By the year 2035, the U.S. will have 35 mega-cities connected by major freeways on which tractor-trailers operate in a self-driving autopilot mode, according to the vision offered by Navistar International President and CEO Troy Clarke at the 2016 FTR Conference on Sept. 15.
In such a scenario, truck drivers would manually drive their vehicles to the freeways, then engage an on-highway autonomous system that frees the driver from operating the vehicle on the highway, Clarke says. The truck driver would then reengage to operate the vehicle when the truck nears its destination. “We would have fewer, but well-trained drivers that are paid a lot more,” he said. “You’d have a system that’s very analogous to an airline pilot.”
Clarke spoke in a one-on-one with FTR CEO Eric Starks in a 30-minute talk held at the 2016 FTR Conference on Thursday. In addition to the long-term view of the industry, Clarke talked more near-term trucking technologies, Navistar’s new partnership with Volkswagen and truck maker’s roles in boosting the industry’s asset utilization.

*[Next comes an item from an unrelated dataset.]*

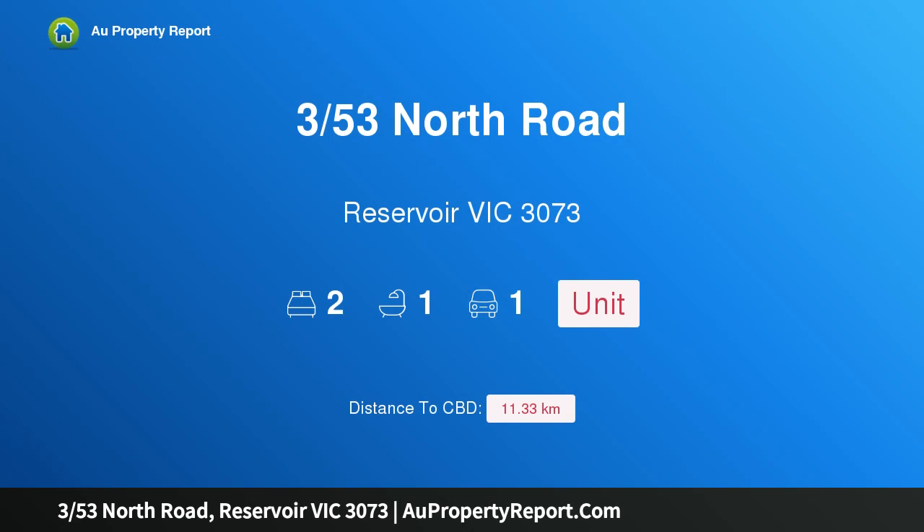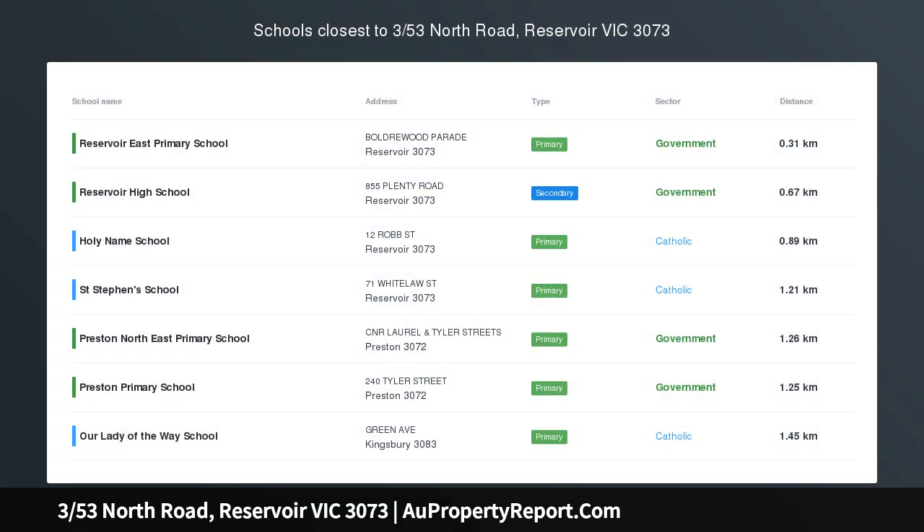Hi, I am glad to introduce property 353 North Road, Reservoir Victoria 3073.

“Trucks are used a little more than half of the available hours they can be used,” Clarke said of carriers’ asset utilization. If the industry could achieve 100 percent asset utilization, carriers would need half the number of trucks and half the number of drivers they do now. Highways would also need less maintenance, he said.

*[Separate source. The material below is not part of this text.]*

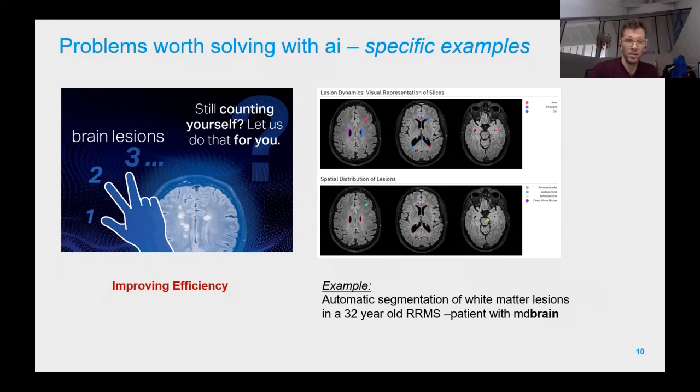These lesions need to be located — identifying what area of the brain they're in — and volumetrized, meaning the size of the dots also needs to be evaluated. This is especially important in longitudinal evaluation: you have an MRI at one time point, then another six months later, and you compare them to see how the MS progresses.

“If we can solve the technical puzzle and utilize [equipment] at a higher rate, it solves emissions, it solves the driver shortage,” Clarke said.
Trucking is on the precipice of a major technology revolution, Clarke said. “Telematics systems will allow carriers to know where their trucks are, what they’re doing and how they’re performing,” he said. “And software [can] turn trucks into transport systems that integrate with the highway system.”
Clarke said Navistar’s recently announced partnership with Volkswagen, in which VW purchased a nearly 20-percent stake in Navistar, gives the truck and engine maker access to emerging technology that it otherwise wouldn’t have had.
“We like access to technology and we like access to scale,” he said. “It may not solve every problem we have, but it creates opportunities that at this time last year didn’t exist. And we want to take advantage of those opportunities.”